• REQUIRED WORK: Down to the last line, print the entries below exactly, and keep every picture out of the copy.

• RECORD EXCERPTS:

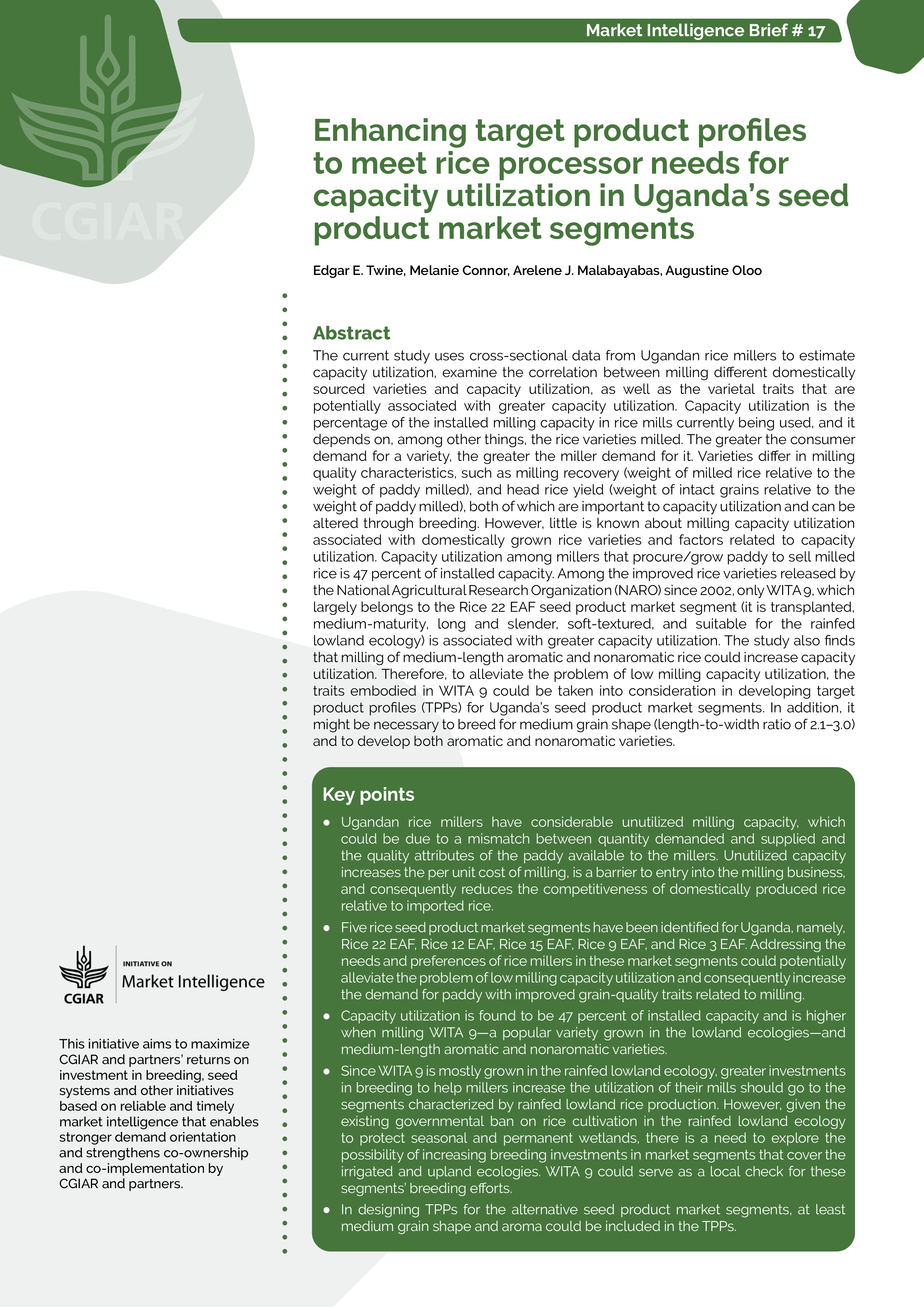Enhancing target product profiles to meet rice processor needs for capacity utilization in Uganda’s seed product market segments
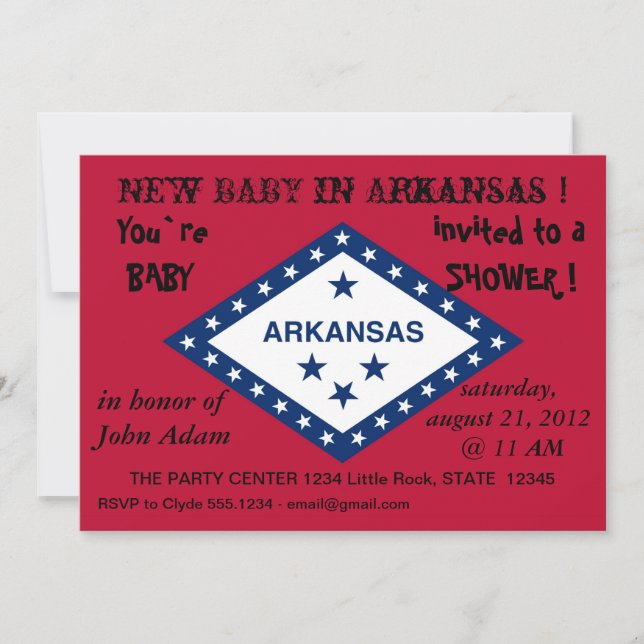 Invitación de Baby Shower con bandera de Arkansas (Anverso)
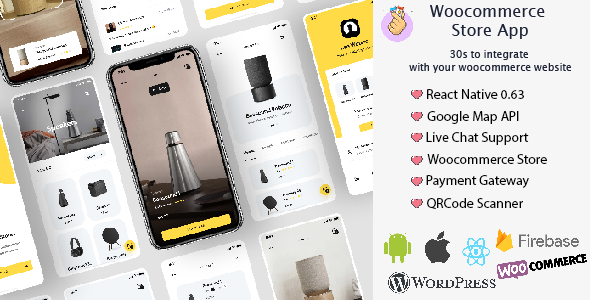 React Native Woocommerce Store App React native Ecommerce Mobile App template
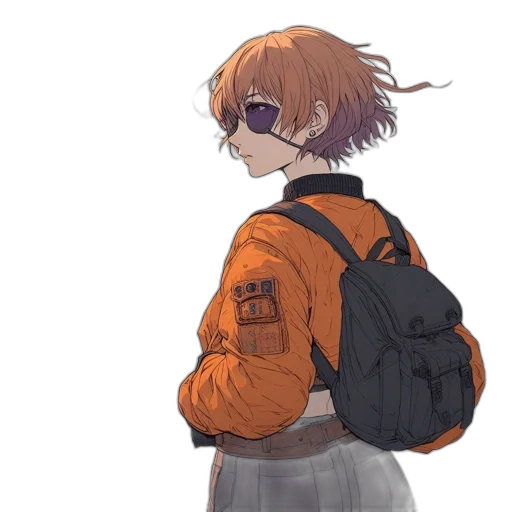 jacket, staff, robot, weapon, concept art, anime, cyberpunk, watercolor transparent PNG cut-out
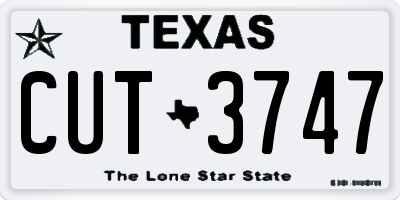 TX license plate CUT3747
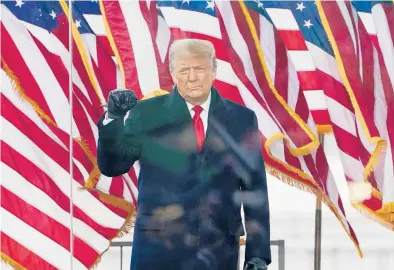  ?? JACQUELYN MARTIN/AP ?? President Donald Trump arrives at a“Save America”rally Wednesday in Washington.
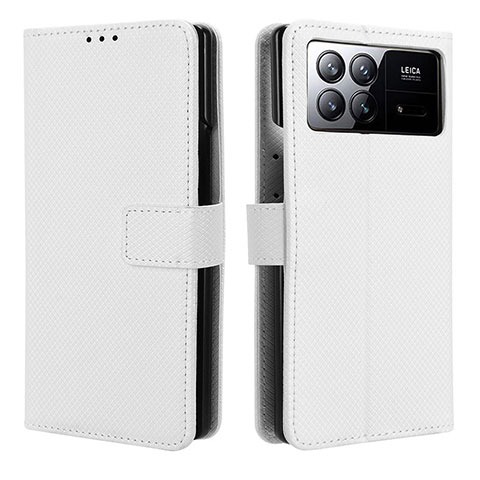 Custodia Portafoglio In Pelle Cover con Supporto BY1 per Xiaomi Mix Fold 3 5G Bianco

• SOLUTION FOR THIS EXERCISE:
Enhancing target product profiles to meet rice processor needs for capacity utilization in Uganda’s seed product market segments
 Invitación de Baby Shower con bandera de Arkansas (Anverso)
 React Native Woocommerce Store App React native Ecommerce Mobile App template
 jacket, staff, robot, weapon, concept art, anime, cyberpunk, watercolor transparent PNG cut-out
 TX license plate CUT3747
  ?? JACQUELYN MARTIN/AP ?? President Donald Trump arrives at a“Save America”rally Wednesday in Washington.
 Custodia Portafoglio In Pelle Cover con Supporto BY1 per Xiaomi Mix Fold 3 5G Bianco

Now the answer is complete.